Anthony Stark è un inventore geniale e miliardario col vizio delle donne (tante) e delle attività filantropiche. Ereditato patrimonio e ingegno dal padre scomparso in un incidente d'auto, Tony (per amici e amichette) conduce e amministra le Industrie Stark, produttrici e prime fornitrici di armi per il governo americano. Durante un test in medioriente, per verificare l'efficienza di un'arma sperimentale, viene catturato da un gruppo di estremisti. Ferito al cuore da una scheggia è soccorso e curato da Yinsen, un fisico esperto di cibernetica che gli applica un organo artificiale. Obbligato dai guerriglieri a costruire un'arma invincibile per la loro causa, Tony progetta in segreto un'armatura per fuggire alla prigionia. Rientrato negli Stati Uniti è deciso a cambiare vita, a riparare alle ingiustizie e a "industriarsi" a favore dei più deboli. Perfezionata l'armatura con la tecnologia avanzata diventa Iron Man, un (super)eroe "umano, troppo umano".
Fumetto e cinema nascono insieme più di un secolo fa e si spiano da subito. Due linguaggi con origini diverse e identità distinte che pure hanno saputo dialogare intensamente: confrontandosi, convivendo, divorziando, riconciliandosi e riconfigurando le reciproche estetiche. L'Iron Man di Jon Favreu, nell'intensa economia di scambio tra fumetto e cinema, realizza un enorme salto di qualità, dimostrando la reciprocità produttiva dei due linguaggi, che nell'ultimo decennio si era spinta in direzione di un'autentica cannibalizzazione.

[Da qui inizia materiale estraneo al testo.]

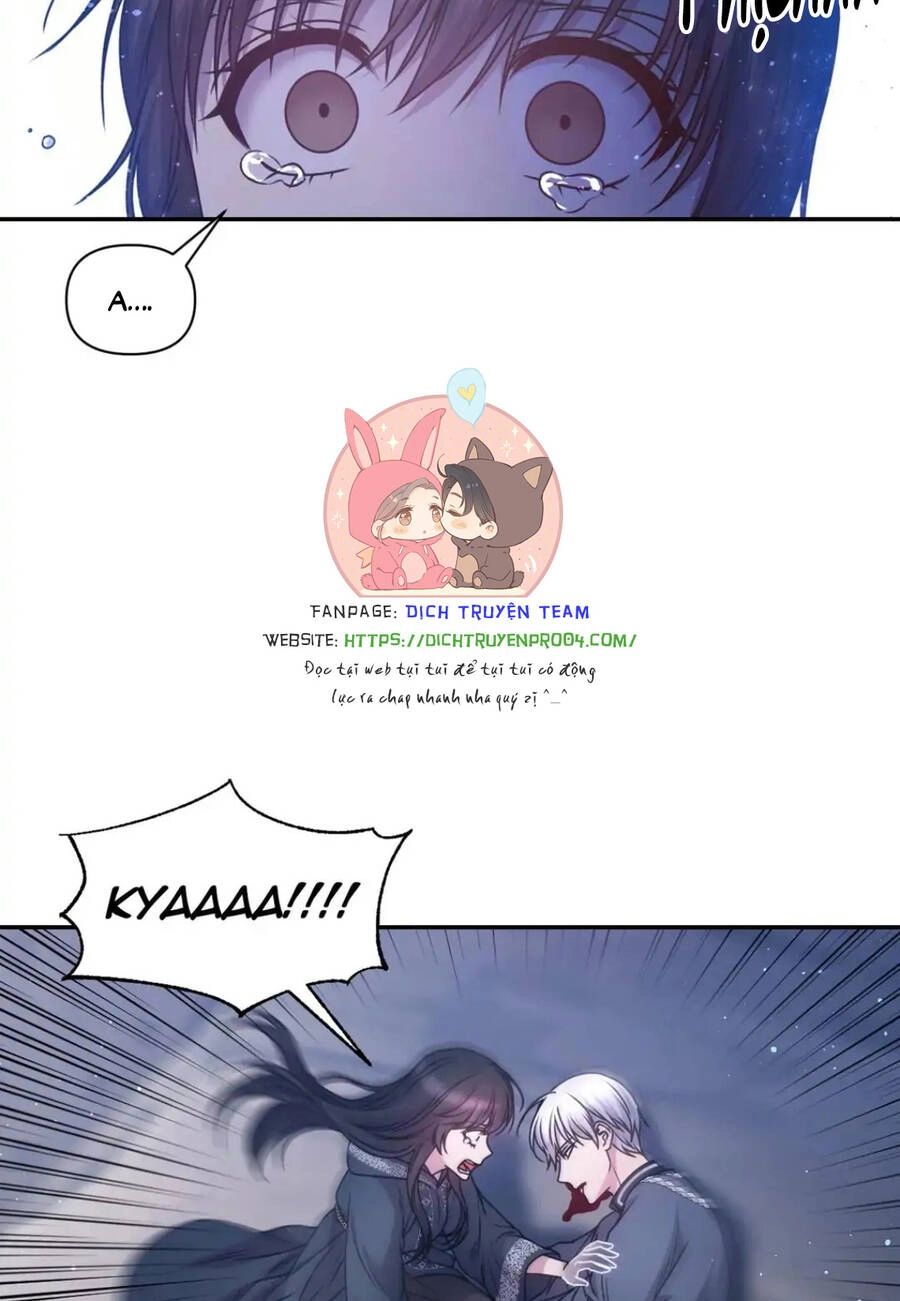 Hãy Cẩn Thận Sợi Tơ Hồng Chapter 79 - 26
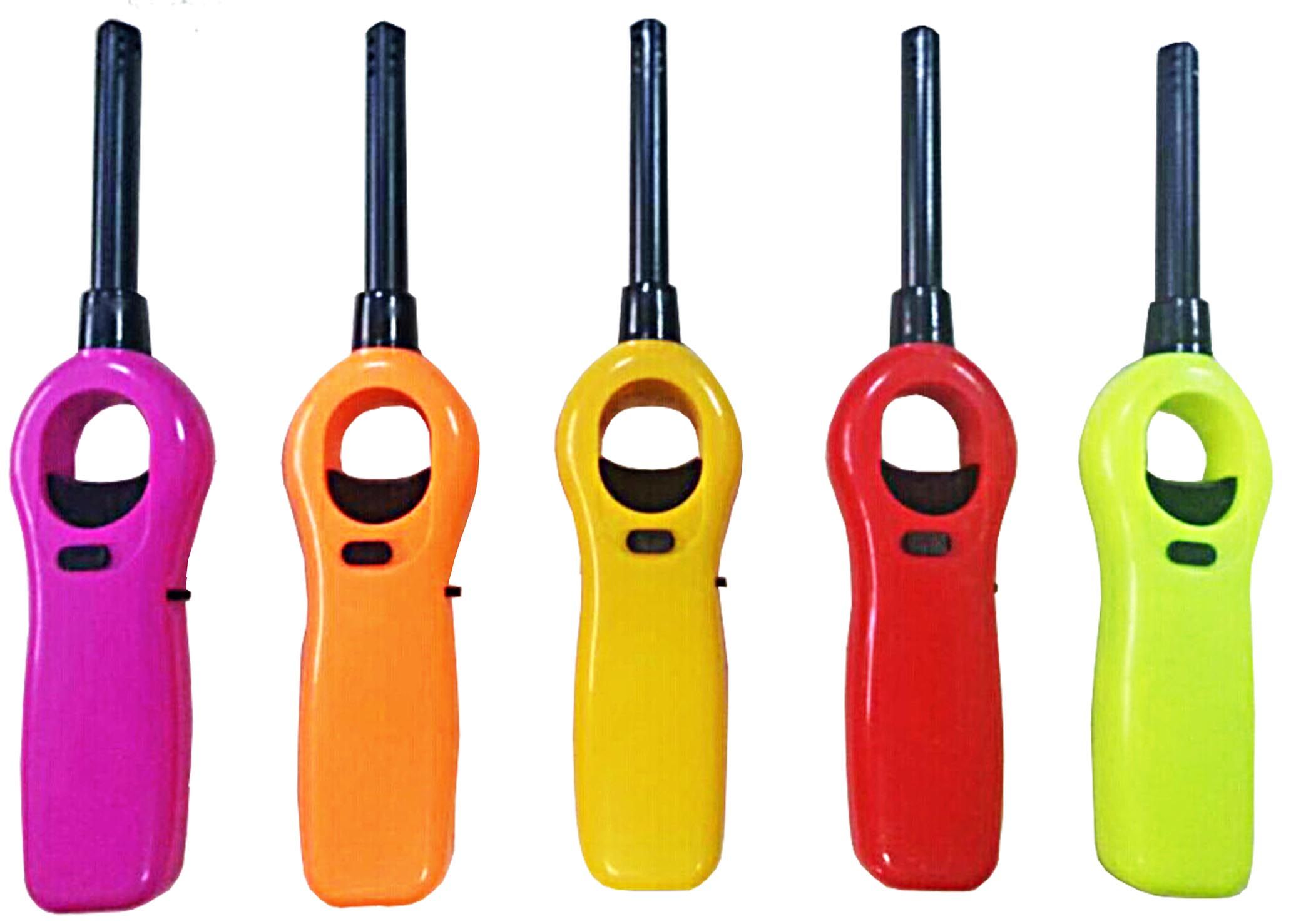 Aprinzator BBQ • Adamo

L'archivio "eroico" della Marvel è diventato un vero e proprio laboratorio per la creazione, anche se non sempre riuscita e puntuale, di nuovi modelli estetico-narrativi dell'industria cinematografica, come dimostra l'insistita trasposizione sullo schermo di un esteso repertorio dei loro personaggi: da Spider Man agli X-Men, dai Fantastici Quattro ad Iron Man, e per continuare nel futuro prossimo con Hulk e Capitan America.